Records –
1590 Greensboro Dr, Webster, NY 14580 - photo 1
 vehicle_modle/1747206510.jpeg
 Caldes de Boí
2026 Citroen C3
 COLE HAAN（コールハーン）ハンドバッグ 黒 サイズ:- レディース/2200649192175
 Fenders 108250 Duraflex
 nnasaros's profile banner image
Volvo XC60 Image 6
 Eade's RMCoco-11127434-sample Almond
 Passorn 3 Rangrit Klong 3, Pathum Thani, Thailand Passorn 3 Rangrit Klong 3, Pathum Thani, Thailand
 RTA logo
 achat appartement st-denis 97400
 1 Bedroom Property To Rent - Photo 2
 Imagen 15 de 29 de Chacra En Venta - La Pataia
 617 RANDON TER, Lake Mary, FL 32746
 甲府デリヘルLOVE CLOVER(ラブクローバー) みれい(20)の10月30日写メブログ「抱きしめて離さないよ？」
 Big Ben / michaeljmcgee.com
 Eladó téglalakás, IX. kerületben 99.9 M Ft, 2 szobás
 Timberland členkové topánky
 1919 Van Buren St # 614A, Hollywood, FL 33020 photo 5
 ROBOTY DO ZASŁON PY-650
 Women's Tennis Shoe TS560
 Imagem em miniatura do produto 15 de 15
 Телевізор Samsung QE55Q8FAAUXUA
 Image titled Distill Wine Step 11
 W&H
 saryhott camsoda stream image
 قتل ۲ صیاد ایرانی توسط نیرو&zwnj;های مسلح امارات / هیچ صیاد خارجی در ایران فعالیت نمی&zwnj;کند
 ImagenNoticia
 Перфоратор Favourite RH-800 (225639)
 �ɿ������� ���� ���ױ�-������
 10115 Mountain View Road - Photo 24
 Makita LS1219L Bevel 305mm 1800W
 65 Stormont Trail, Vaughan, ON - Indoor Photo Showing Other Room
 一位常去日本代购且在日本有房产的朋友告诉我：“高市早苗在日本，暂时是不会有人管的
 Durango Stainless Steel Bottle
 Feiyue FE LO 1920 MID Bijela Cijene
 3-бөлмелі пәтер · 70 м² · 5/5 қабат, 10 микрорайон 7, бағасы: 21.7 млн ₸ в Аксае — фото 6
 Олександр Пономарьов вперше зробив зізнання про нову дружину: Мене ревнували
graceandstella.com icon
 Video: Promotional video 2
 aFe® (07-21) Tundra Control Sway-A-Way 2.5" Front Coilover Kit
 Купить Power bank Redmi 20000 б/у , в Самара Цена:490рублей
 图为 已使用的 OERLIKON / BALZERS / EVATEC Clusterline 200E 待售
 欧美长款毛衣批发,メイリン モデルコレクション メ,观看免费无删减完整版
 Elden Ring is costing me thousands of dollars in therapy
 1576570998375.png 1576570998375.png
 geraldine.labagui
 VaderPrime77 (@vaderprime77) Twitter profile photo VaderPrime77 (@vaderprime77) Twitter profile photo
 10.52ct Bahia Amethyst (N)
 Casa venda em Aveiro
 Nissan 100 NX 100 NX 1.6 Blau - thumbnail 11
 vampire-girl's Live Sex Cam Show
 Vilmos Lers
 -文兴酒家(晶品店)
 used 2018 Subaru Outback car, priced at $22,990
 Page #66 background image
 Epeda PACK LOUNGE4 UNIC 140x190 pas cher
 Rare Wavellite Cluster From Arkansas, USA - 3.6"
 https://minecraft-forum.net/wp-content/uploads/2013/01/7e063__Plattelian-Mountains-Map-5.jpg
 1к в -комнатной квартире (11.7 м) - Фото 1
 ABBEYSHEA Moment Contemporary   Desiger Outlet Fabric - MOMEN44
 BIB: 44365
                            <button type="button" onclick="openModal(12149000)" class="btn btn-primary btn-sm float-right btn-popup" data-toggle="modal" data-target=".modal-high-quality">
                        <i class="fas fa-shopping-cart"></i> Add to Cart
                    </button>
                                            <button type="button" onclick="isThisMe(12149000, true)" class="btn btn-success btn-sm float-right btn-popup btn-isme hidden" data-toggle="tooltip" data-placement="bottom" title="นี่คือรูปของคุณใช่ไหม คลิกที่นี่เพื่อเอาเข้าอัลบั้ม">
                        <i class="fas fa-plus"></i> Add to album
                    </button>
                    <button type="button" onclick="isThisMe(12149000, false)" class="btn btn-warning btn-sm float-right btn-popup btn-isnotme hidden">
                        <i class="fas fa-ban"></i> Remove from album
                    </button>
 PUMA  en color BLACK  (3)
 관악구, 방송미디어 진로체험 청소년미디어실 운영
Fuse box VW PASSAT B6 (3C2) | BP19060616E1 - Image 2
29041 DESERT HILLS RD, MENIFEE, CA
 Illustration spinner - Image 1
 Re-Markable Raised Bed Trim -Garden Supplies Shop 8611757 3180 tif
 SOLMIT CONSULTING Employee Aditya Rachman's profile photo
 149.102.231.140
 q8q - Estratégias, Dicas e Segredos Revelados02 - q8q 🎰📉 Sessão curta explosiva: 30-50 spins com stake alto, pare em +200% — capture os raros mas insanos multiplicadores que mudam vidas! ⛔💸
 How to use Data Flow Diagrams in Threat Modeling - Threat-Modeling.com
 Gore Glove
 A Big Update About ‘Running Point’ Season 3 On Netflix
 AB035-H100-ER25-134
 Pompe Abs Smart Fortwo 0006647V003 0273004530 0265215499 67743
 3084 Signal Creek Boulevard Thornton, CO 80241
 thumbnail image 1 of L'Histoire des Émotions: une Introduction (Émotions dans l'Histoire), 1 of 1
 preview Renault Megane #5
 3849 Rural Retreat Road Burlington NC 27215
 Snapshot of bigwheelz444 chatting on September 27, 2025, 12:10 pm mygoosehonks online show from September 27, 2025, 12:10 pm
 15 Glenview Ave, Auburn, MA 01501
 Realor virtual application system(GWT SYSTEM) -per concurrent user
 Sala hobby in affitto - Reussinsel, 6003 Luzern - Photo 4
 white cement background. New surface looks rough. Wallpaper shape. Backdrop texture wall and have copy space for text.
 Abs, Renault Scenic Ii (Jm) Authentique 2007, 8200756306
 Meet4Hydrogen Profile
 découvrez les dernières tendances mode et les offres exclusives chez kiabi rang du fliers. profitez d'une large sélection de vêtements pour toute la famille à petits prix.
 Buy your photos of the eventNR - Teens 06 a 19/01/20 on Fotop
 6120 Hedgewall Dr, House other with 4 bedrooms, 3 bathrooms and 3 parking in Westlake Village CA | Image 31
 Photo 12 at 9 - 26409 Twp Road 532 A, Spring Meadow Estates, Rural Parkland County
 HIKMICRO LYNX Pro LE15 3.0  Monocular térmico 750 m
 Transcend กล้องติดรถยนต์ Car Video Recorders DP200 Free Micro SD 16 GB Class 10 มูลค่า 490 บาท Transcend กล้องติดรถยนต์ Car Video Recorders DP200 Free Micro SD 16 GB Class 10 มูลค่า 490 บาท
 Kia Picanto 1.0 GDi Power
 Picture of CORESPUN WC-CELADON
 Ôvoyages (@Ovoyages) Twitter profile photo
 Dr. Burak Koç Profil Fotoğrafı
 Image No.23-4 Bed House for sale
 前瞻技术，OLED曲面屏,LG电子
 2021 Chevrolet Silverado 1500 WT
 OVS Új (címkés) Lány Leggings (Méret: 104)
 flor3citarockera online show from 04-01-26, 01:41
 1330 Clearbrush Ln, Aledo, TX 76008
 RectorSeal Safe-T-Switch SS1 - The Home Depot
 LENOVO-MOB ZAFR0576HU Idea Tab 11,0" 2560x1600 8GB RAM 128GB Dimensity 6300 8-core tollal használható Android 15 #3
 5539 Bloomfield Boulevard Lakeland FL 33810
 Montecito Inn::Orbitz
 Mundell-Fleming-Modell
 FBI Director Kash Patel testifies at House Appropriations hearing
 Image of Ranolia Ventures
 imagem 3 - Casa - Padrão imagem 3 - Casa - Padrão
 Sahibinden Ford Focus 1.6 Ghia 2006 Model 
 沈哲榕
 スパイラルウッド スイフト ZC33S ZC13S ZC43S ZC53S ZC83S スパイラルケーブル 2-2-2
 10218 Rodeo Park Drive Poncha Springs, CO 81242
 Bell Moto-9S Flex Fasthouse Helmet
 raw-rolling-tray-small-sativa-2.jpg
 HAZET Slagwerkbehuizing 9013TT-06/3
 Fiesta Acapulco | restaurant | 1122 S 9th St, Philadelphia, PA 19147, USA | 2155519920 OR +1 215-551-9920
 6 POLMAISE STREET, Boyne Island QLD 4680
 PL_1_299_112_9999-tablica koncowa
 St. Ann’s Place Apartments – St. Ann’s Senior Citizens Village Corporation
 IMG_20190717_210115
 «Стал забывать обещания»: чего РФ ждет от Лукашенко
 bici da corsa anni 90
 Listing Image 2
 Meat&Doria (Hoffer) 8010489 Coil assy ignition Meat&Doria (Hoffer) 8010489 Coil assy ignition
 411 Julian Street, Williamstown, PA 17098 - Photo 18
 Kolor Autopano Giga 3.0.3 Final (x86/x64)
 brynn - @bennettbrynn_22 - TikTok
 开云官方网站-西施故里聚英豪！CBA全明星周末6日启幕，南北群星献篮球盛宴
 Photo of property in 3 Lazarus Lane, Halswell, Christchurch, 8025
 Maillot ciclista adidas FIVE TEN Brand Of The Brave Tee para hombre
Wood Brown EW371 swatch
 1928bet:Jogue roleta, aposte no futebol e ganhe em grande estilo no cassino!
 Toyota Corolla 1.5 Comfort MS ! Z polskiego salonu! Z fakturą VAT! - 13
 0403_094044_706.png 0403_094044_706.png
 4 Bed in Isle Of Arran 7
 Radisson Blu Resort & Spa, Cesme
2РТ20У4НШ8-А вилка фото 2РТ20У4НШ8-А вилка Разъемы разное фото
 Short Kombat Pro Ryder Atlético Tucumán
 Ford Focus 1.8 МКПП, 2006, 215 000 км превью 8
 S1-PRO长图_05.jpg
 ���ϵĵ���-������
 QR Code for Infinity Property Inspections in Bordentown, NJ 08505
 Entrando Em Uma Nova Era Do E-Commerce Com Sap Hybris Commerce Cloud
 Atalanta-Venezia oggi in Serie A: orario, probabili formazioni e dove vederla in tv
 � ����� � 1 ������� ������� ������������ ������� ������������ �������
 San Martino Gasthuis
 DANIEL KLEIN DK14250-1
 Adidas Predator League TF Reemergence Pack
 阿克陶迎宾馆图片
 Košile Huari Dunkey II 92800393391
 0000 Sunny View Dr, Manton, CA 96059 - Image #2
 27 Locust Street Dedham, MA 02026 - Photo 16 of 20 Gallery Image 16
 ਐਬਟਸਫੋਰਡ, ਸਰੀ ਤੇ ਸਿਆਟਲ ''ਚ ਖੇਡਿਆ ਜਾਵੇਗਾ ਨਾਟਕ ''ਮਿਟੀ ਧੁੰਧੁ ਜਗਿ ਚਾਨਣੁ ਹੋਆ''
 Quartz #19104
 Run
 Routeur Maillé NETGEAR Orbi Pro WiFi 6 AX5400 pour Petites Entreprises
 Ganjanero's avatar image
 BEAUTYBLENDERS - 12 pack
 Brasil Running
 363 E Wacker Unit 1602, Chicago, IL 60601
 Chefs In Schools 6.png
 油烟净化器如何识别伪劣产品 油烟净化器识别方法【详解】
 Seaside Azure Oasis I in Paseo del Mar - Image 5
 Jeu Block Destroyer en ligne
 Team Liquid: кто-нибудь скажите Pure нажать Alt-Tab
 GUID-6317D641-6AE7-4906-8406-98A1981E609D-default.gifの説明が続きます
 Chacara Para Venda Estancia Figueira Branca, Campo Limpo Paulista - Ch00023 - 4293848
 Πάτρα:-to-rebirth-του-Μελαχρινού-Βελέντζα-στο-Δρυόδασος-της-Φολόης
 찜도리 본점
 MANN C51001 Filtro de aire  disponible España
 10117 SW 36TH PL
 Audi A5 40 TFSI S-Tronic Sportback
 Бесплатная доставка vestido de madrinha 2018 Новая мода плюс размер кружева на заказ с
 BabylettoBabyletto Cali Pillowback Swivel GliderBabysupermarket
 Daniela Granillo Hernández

Exercise directions – Set down, unchanged, only those lines above that fall between the line with "white cement background." and the line with "imagem 3 - Casa - Padrão imagem", the two end lines included.

Exercise output –
 white cement background. New surface looks rough. Wallpaper shape. Backdrop texture wall and have copy space for text.
 Abs, Renault Scenic Ii (Jm) Authentique 2007, 8200756306
 Meet4Hydrogen Profile
 découvrez les dernières tendances mode et les offres exclusives chez kiabi rang du fliers. profitez d'une large sélection de vêtements pour toute la famille à petits prix.
 Buy your photos of the eventNR - Teens 06 a 19/01/20 on Fotop
 6120 Hedgewall Dr, House other with 4 bedrooms, 3 bathrooms and 3 parking in Westlake Village CA | Image 31
 Photo 12 at 9 - 26409 Twp Road 532 A, Spring Meadow Estates, Rural Parkland County
 HIKMICRO LYNX Pro LE15 3.0  Monocular térmico 750 m
 Transcend กล้องติดรถยนต์ Car Video Recorders DP200 Free Micro SD 16 GB Class 10 มูลค่า 490 บาท Transcend กล้องติดรถยนต์ Car Video Recorders DP200 Free Micro SD 16 GB Class 10 มูลค่า 490 บาท
 Kia Picanto 1.0 GDi Power
 Picture of CORESPUN WC-CELADON
 Ôvoyages (@Ovoyages) Twitter profile photo
 Dr. Burak Koç Profil Fotoğrafı
 Image No.23-4 Bed House for sale
 前瞻技术，OLED曲面屏,LG电子
 2021 Chevrolet Silverado 1500 WT
 OVS Új (címkés) Lány Leggings (Méret: 104)
 flor3citarockera online show from 04-01-26, 01:41
 1330 Clearbrush Ln, Aledo, TX 76008
 RectorSeal Safe-T-Switch SS1 - The Home Depot
 LENOVO-MOB ZAFR0576HU Idea Tab 11,0" 2560x1600 8GB RAM 128GB Dimensity 6300 8-core tollal használható Android 15 #3
 5539 Bloomfield Boulevard Lakeland FL 33810
 Montecito Inn::Orbitz
 Mundell-Fleming-Modell
 FBI Director Kash Patel testifies at House Appropriations hearing
 Image of Ranolia Ventures
 imagem 3 - Casa - Padrão imagem 3 - Casa - Padrão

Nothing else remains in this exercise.